Everyone's life is easier if you try to help yourself. If you can help yourself then you have learnt and developed, and other's have been save what is often reiteration.
You have logs, please use them. The Logging topic contains an overview of the SP's logging features.
It is not reasonable behavior to ask support questions unless you've looked at your logs first. Often this will require both sets of logs (SP and IdP), but the SP log is usually sufficient to at least identify who's at fault.
It's also not reasonable to "look at the log" by dumping it out into an email and expecting others to read them for you. The logs are there so you can solve problems on your own. When you don't understand something in the log, you should first search the wiki and the mailing list archive to see if the message has an explanation.
If that doesn't work, ask, but in doing so you should be prepared to help the product by explaining why you didn't understand the log message that should have helped to solve the problem. That way we can improve the log messages for future releases.

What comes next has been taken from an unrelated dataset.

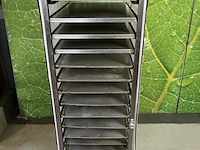 Regaalwagen - 46x62x162cm incl. (bak) platen & gastroplus afdekhoes - afbeelding 3 van  10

They happen. Older Shibboleth versions had overly aggressive exception handling that traps errors but often destabilizes the software or your web server, while hiding the cause of the crash so it can't be fixed. This has been changed, but will probably result in more crashes as bugs are hit.
|If you want to restore the older aggressive exception handling, you can add the attribute |
In general, don't bother just asking "why is this crashing?". We don't know. If we did, we'd have fixed it. What you have to do, generally, is to get a stack trace and/or provide detailed log files (with significant categories on DEBUG) to help identify the cause of the crash. This is particularly essential if the crash appears to be random, as in cases where the software will run for a while without any problems and then fail.
If a crash is reproducible, it may be enough to provide a trace of the XML or other information that leads to a crash. But when it's not, you MUST figure out how to get a stack trace out or there isn't going to be any way to research the problem.
Always start by checking your logs and thinking about the problem in the context of how the software works.
If that doesn't help, always check the the common errors page for a better explanation of the log or error message, and failing that, try the mailing list archive.
If you need further help, send an email (starting a new thread) to the mailing list indicating which version of the SP you are running, the web server your are using, and a small part of your log files.
You should not email a multi-megabyte log file to the email list, and you should also not just post your entire configuration, metadata, etc.